I saw that the conditions might be right to have my 9 year old son try yakking with me. I put him into one and let him float around a bit getting used to paddling. I climbed in the other one and away we went.
I tied a line on my stern with a carabiner one the other end so I could clip it to his stern while we floated/fished together or move it to his bow when he needed a tow. We went out with the sole purpose of getting used to paddling around and possibly casting a line out also. He did great!!:thumbup:
We ended up sightseeing and casting out a line. First cast at a sweet spot brought home dinner. 17" speck caught up river. Didn't fish much more and went sightseeing. 

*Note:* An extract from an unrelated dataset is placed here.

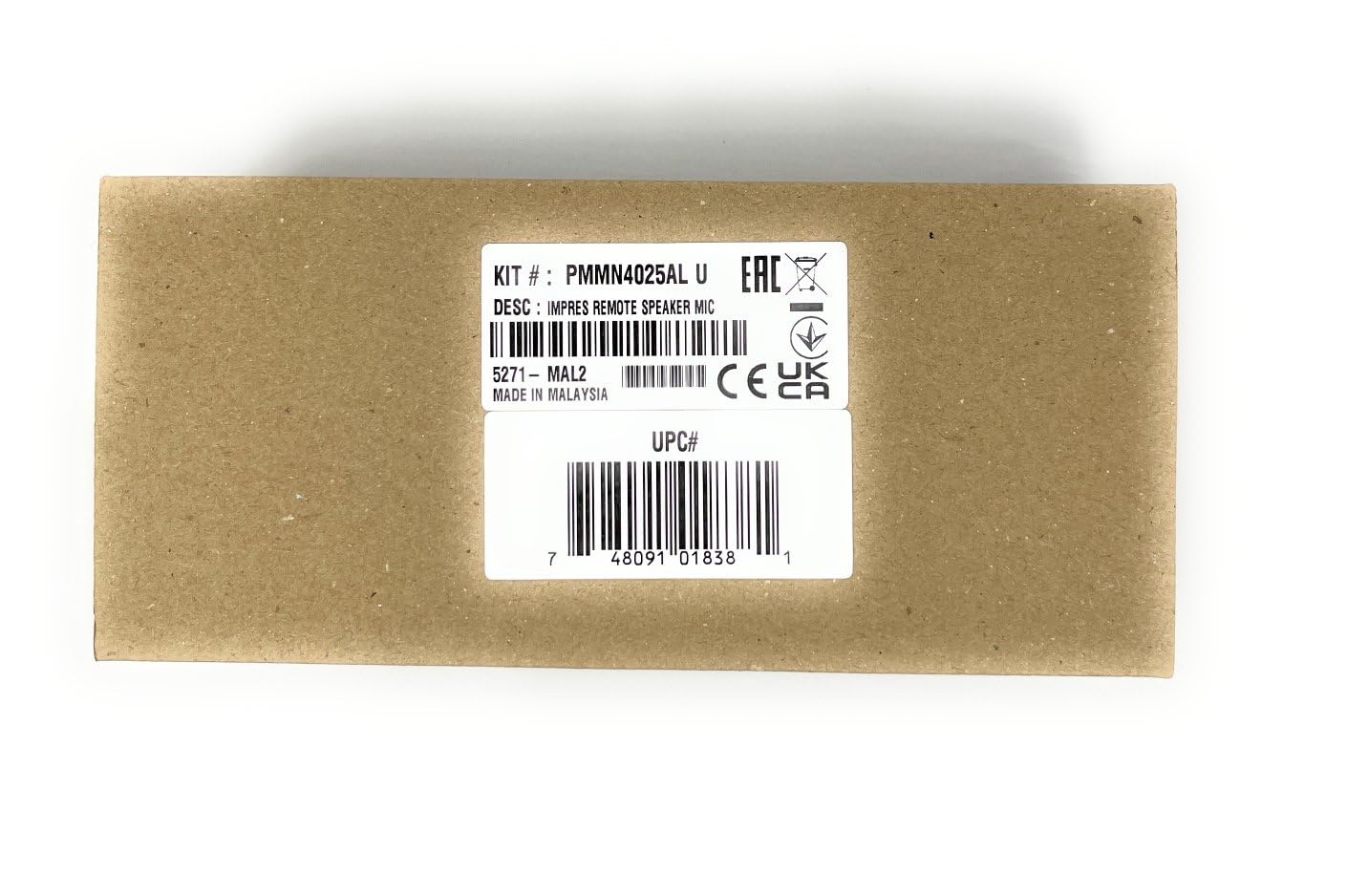 Motorola PMMN4025 Original PMMN4025AL Remote Speaker Microphone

All in all it was a great day


----------



## 192 (Oct 1, 2007)

Great! I cant wait for my 2 little ones to get on the water with me.


----------



## osborne311 (Aug 1, 2011)

Awesome! My boy is 4, cannot wait.


----------



## BlackJeep (Jun 13, 2010)

Good stuff and a good introduction to kayaking for him for sure.


----------



## oxbeast1210 (Jun 21, 2010)

Awesome ,
great dad right there!


----------



## azevedo16 (Aug 18, 2010)

Thats awesome cant wait to get back home and take my son!


----------



## user10309 (Sep 28, 2009)

Thanks for sharing, his smiles says it all, congrats on a fine afternoon


----------



## pompanopete (Aug 5, 2009)

Very nice...


----------



## dthomas142 (Jul 18, 2011)

Nice job Sam! Way to start the tradition, cant wait to be able to take my boy out as well. Tight Lines to you both:thumbup:


----------



## Ikester (Jun 24, 2011)

Awesome. He's off to a great start!


----------



## bbarton13 (May 4, 2009)

Wirelessly posted (Iphone )

Sweet, i cant wait till my son is old enough to fish with me!


----------



## Herculined (Apr 27, 2008)

Jealous! My baby is only three, but he has a good time with his Sponge Bob fishing pole, on the pier.


----------



## Bonsaifishrman (Mar 17, 2009)

Thats awsome Sam. What a great father/son time on the water. Thats just great!


----------



## navkingfisher (May 14, 2009)

Thats way cool! My granddaughters and nieghbors son picked up the habit from me and they love it!


----------



## 16983 (Sep 12, 2011)

Sounds like you got him off to a good start


----------



## k-dub (Jun 3, 2011)

awesome ! I have twin 10 yr olds that are going to get introduced on sunday ! I have the same intentions . just getting them use to it and see how they do !


----------